The other day, one of the undergrads introduced me to the work of David Hilliard. I was immediately captivated by his images. He generally works in diptychs or triptychs of individual images with negative space allowed between. He makes no effort to apply these images to a seamless reality or panoramic, but allows for variation in time and angle to highlight the pervasive physical and emotional distances imaged in the pieces. Not only do many of the images stand on their own, together they have a wonderful narrative and psychological quality. Take a look at these few images but go to his site as well to see many more.
Below is Hilliard's artist statement from his website.
"For years I have been actively documenting my life and the lives of those around me, recording events and attempting to create order in a sometimes chaotic world.
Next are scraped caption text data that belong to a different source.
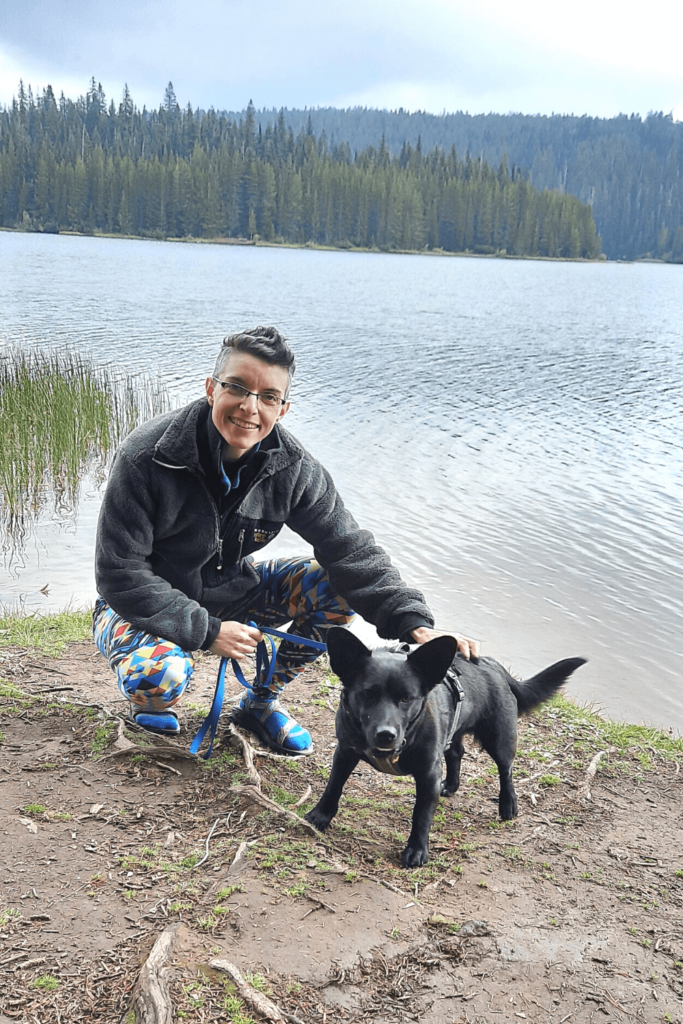 Anxious dog teaches Afghanistan war veteran to accept herself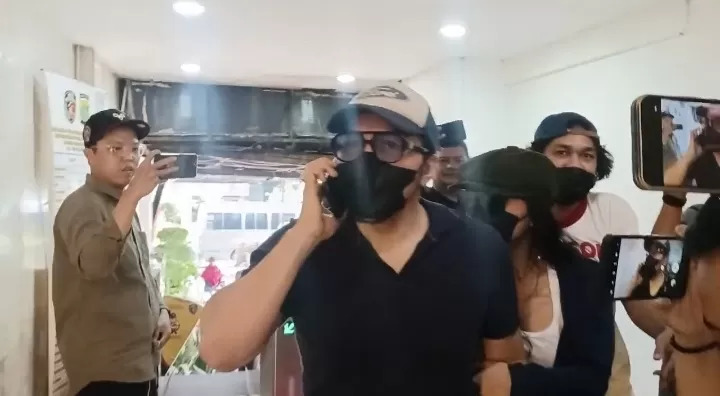 Anak musisi David Bayu alias David Naif, Audrey Davis saat diperiksa di Polda Metro Jaya. (Sabik Aji Taufan/ JawaPos.com)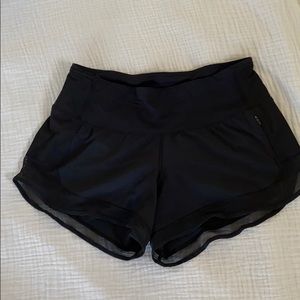 Lululemon running shorts size 4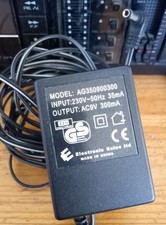 Netzgerät 9V/ 300mA.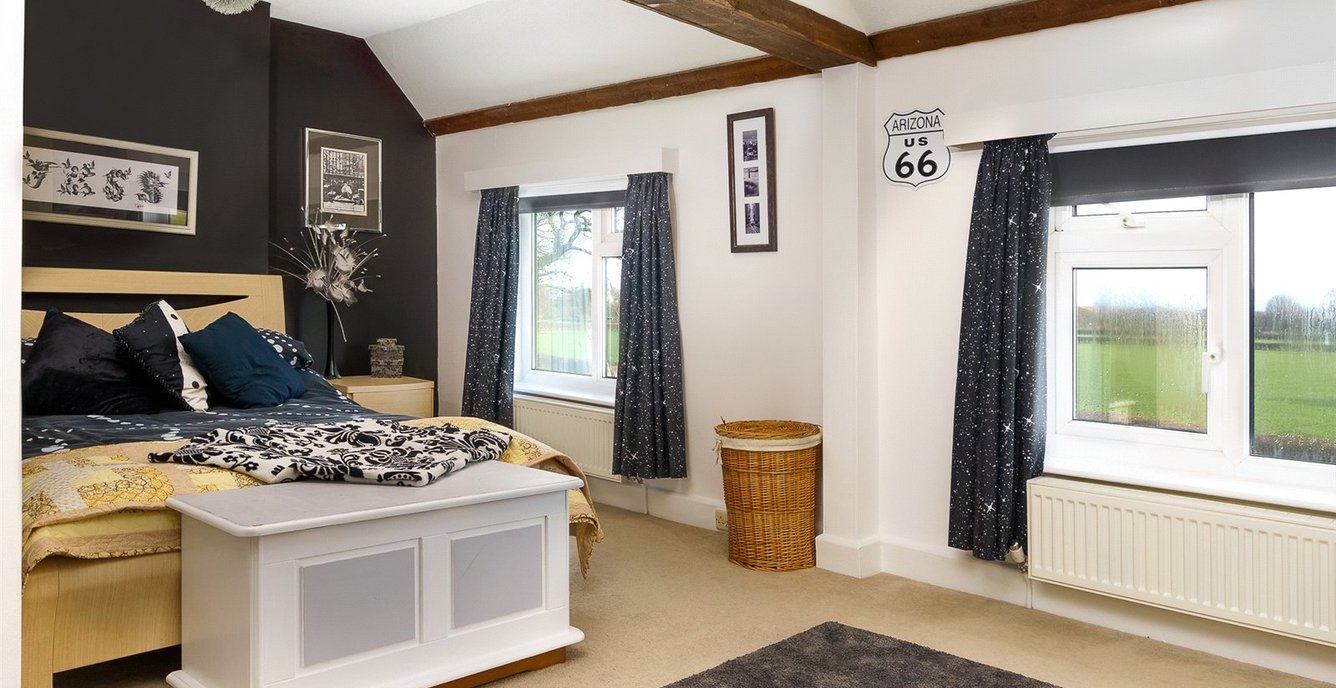 3 bedroom House for sale in Wyche Cottage, Moss Lane, High Legh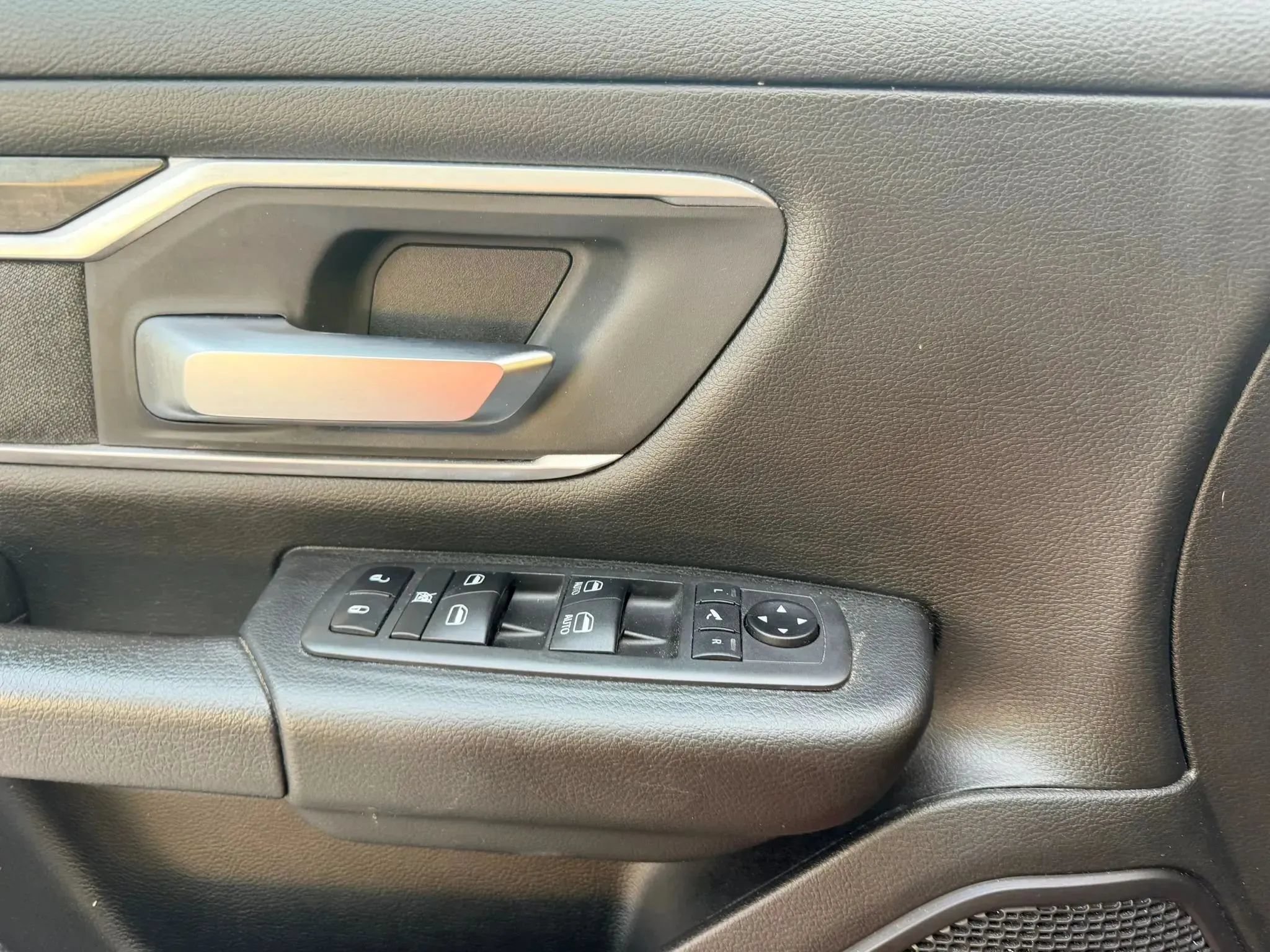 Used 2020 RAM 1500 Lone Star AWD/4WD image 33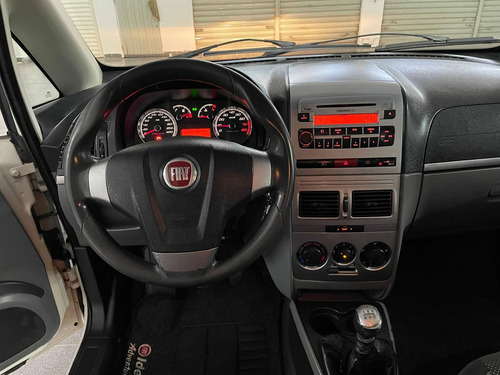 Imagem 10 de 10 de Fiat Idea 1.8 Mpi Sporting 16v Flex 4p Manual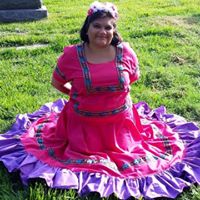 Regina Robles Photo 18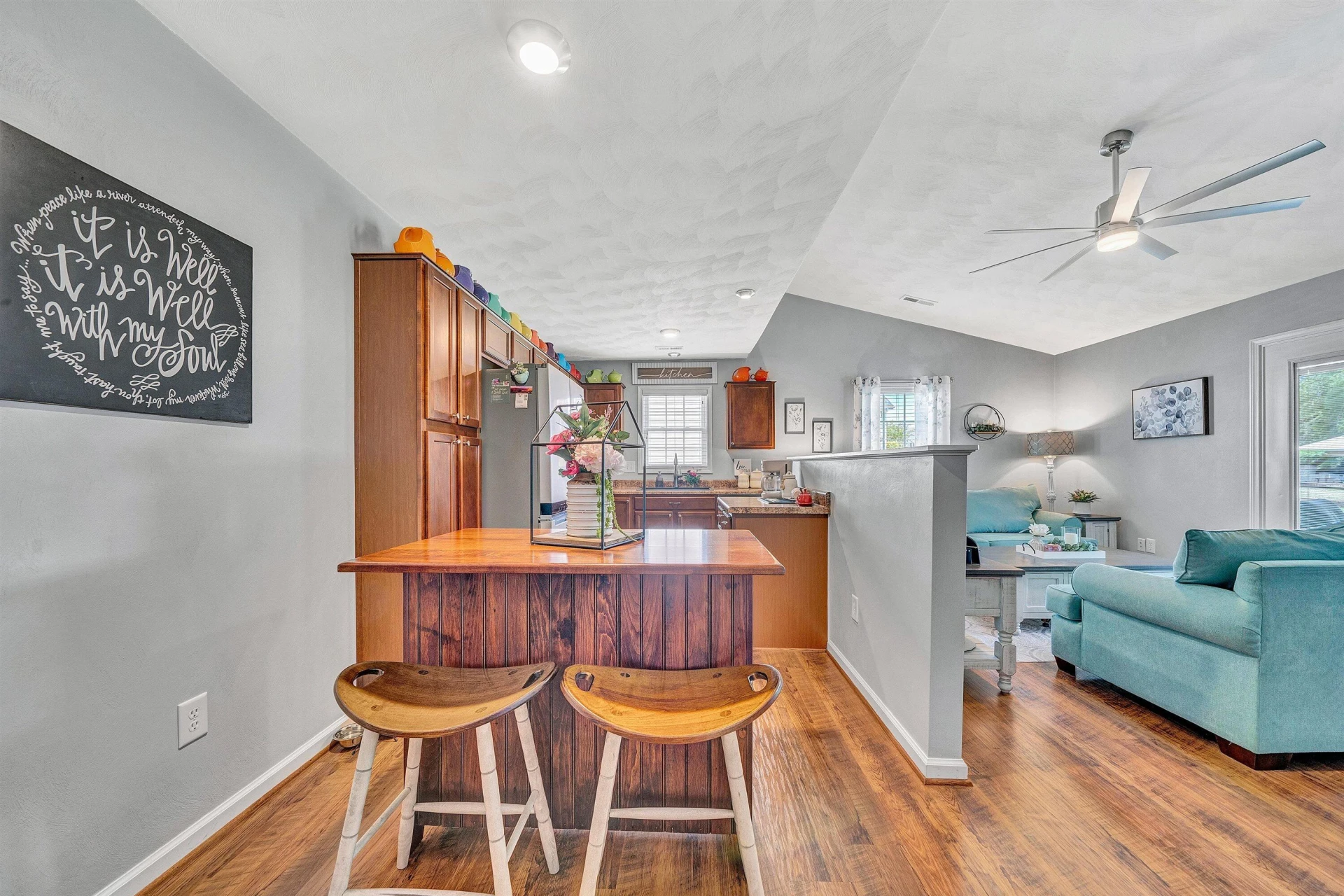 2605 Queens WAY - Photo 4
While my photographs focus on the personal, the familiar and the simply ordinary, the work strikes a balance between autobiography and fiction. Within the photographs physical distance is often manipulated to represent emotional distance. The casual glances people share can take on a deeper significance, and what initially appears subjective and intimate is quite often a commentary on the larger contours of life.
For me, the construction of panoramic photographs, comprised of various single images, acts as a visual language. Focal planes shift, panel by panel. This sequencing of photographs and shifting of focal planes allows me the luxury of guiding the viewer across the photograph, directing their eye; an effect which could not be achieved through a single image.
I continually aspire to represent the spaces we inhabit, relationships we create, and the objects with which we surround ourselves. I hope the messages the photographs deliver speak to the personal as well as the universal experience. I find the enduring power and the sheer ability of a photograph to express a thought, a moment, or an idea, to be the most powerful expression of myself, both as an artist, and as an individual."